The Çatalhöyük Workplace Model

As I wend my way through graduate school, I have lamented at times that we’re not really taught how to manage excavations projects or people, and we tend to “grandfather in” field craft as was handed down from previous generations of excavations, whether or not it is appropriate to current knowledge in the field. Don’t worry, I’m not off on another rant about archaeologists digging in square holes, though I was sorely tempted to post something when that iPad in Pompeii link made the rounds–the pain in seeing that lovely stratigraphy mauled and then peered at through a screen to “aid interpretation” gave me the shivers.

Anyway, the  sad news that came through last night that the “Hodder Team” at Catal was not going to be excavating this year meant that many of my excavator friends were out of a job for the season and now are looking for other opportunities. I have no intention of building on any gossip or going into unnecessary detail (sorry!) but the working model for excavators (the specialist teams are a whole different beast entirely) at Catal was different enough (at least to American excavations) that I think it deserves at least a bit of comment.

Each year, a few professional excavators from the UK (mostly) were hired to excavate areas of interest and to teach students how to excavate. Workmen were hired primarily to move dirt, sieve, and help flotation of samples. The workmen very rarely excavated, which kept them separate from the team most of the time (and I think robbed the students and excavators of a more immersive/interesting experience and language training, but it’s a difficult balance, for sure). The professional archaeologists were paid and generally had at least a decade of experience in single context recording–these people were usually excavation supervisors in the UK and were taking a significant pay cut to work on interesting archaeology. They provided Hodder with very detailed interpretations, experience, and excellent data. It was a complete re-education to work with them; these professional archaeologists are truly practicing a craft, one that is generally unappreciated by academic archaeologists. After all, we are they ones saying that “anyone can be an archaeologist!” and allowing children and volunteers (and graduate students!) to excavate our sites. The contrast between the “Hodder Team” and other teams at Catal who were primarily using student labor was striking and very instructive. Excellent data was important to Hodder, and he was willing to pay for it.

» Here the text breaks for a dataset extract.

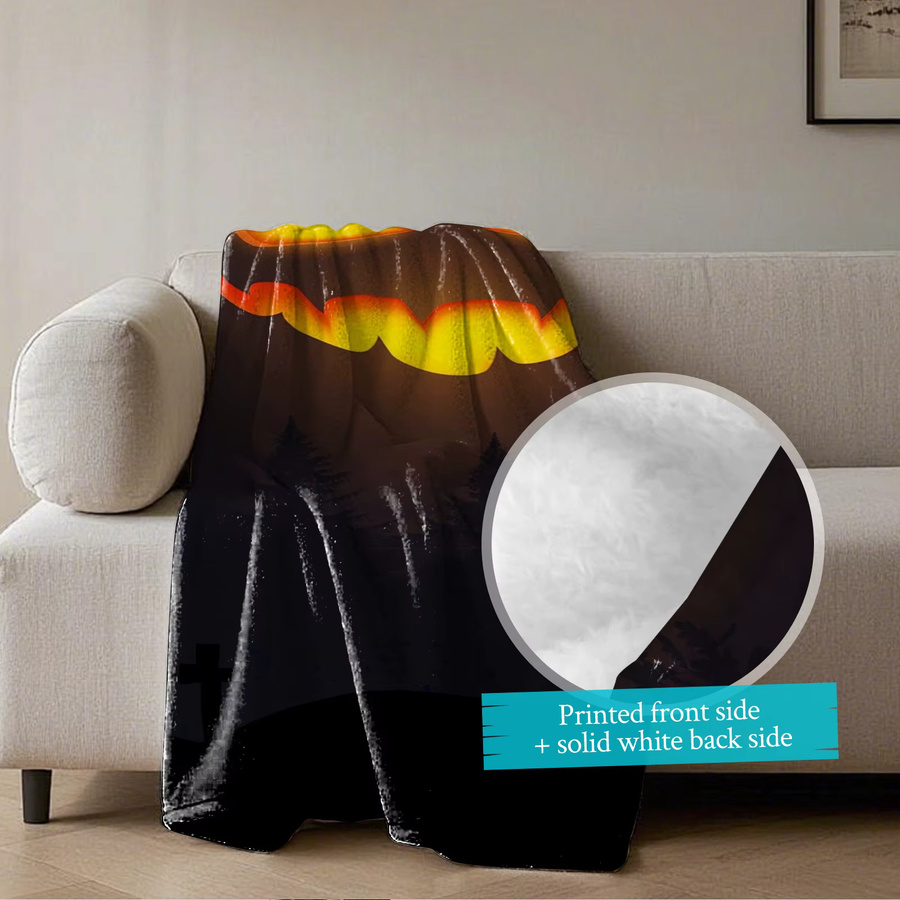 SRH Personalisierte Halloween Fleece-Decke mit Jack-O'-Lantern Kürbis-Druck, Schwarz, Unisex - Bild 5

This is an interesting mini-trend, many of the same professional archaeologists were working in Iceland (before the crash), and now are working in Egypt and Qatar, on projects that have complicated stratigraphy and who need this kind of precise, excellent data produced by highly skilled professional excavators. They’re craftsmen and women who simply cannot be replaced by graduate students and volunteers who may have taken an archaeology class somewhere along the line. The excavators come back each year, providing a continuity that more transitory students cannot provide.  Also, a new crop of excavators does not need to be trained to “see” and interpret the archaeology of that particular site, single context methodology and its translatability aside.

This is very much on my mind as I’m trying to get a new project together in Turkey. People need to get paid. There needs to be transparency in finances on excavations. But can I deliver?